J'ai une dent contre M. Minc, qui a fait rater un cadeau de ma grand'mère.

Vers mes 18 ans, ma grand'mère — une intellectuelle, bibliophile, étudiante jusque vers ses 90 ans à elle — m'a offert un livre de politique et d'économie, puisque ça semblait m'intéresser : un livre d'Alain Minc, certainement "L'Avenir en face".

Faisant mon service militaire, j'avais un peu de temps et d'énergie intellectuelle à dépenser : j'ai commencé la lecture.

Elle était difficile. Les arguments se croisaient et semblaient se contredire : si on fait ceci, le chômage va monter ; mais si on fait l'inverse, le chômage va monter aussi. Flûte.
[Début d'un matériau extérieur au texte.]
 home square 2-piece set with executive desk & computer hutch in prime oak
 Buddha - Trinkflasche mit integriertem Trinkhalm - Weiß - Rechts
J'ai dû lire crayon en main, annotant, reliant de traits et de flèches ce qui avait l'air en rapport.

Je ne comprenais pas plus.

Je venais d'être admis à Polytechnique, et je calais sur un bouquin grand public, de la vulgarisation économique en gros caractères. C'était vexant.

Je ne me souviens plus si je suis venu à bout du livre, mais je l'ai refermé marri.

C'est plusieurs mois plus tard que, "eurêka", l'ampoule s'est allumée : si je n'avais rien compris, c'était parce qu'il n'y avait rien à comprendre.

Mobiliser, pour étudier le livre, mes neurones formés par la "prépa" était la grosse erreur : en l'abordant avec un peu du bon sens terrien de mon grand'père, l'alarme aurait sonné dès la page 10, et ça m'aurait épargné des maux de tête.


Avoir plongé dans la perplexité un aspirant chasseur alpin, n'a pas empêché M. Minc de faire une brillante et lucrative carrière de conseiller multi-princes. Peut-être leur a-t-il fait, aux princes, le même effet qu'à moi : celui d'un dialecticien bien utile pour brouiller les pistes et noyer le bon sens.

Et je ne l'ai pas oublié sur mon blog : Alain Minc, Le Monde et les liens politiques-médias ; Alain Minc, le pape allemand et la langue française ; Alain Minc, les entreprises endogames et, peut-être, Hervé Morin ; Alain Minc, François Bayrou et, sans doute, Le Pen light ; Alain Minc allumé par François Bayrou en 2009 pour son « niveau d’inégalités nécessaires pour assurer le dynamisme de l’économie » ; et même un instant d'espoir : que "même Alain Minc se retrouve face aux faits". C'était en 2006.

Car, François Bayrou l'écrit parfaitement dans sa réponse à Alain Minc cette semaine, "tout aussi précieuses" que les boussoles les plus fiables, sont "les boussoles qui se trompent absolument toujours et qui, quelles que soient les évidences, vous désignent, obstinément et avec assurance, le sud."

Quand Alain Minc lui-même commencera à prendre les faits au sérieux, à regarder la France, à prendre le risque du bon sens, c'est que, après toutes ces années vers le ravin, la France aura fait demi-tour. Il est ma boussole.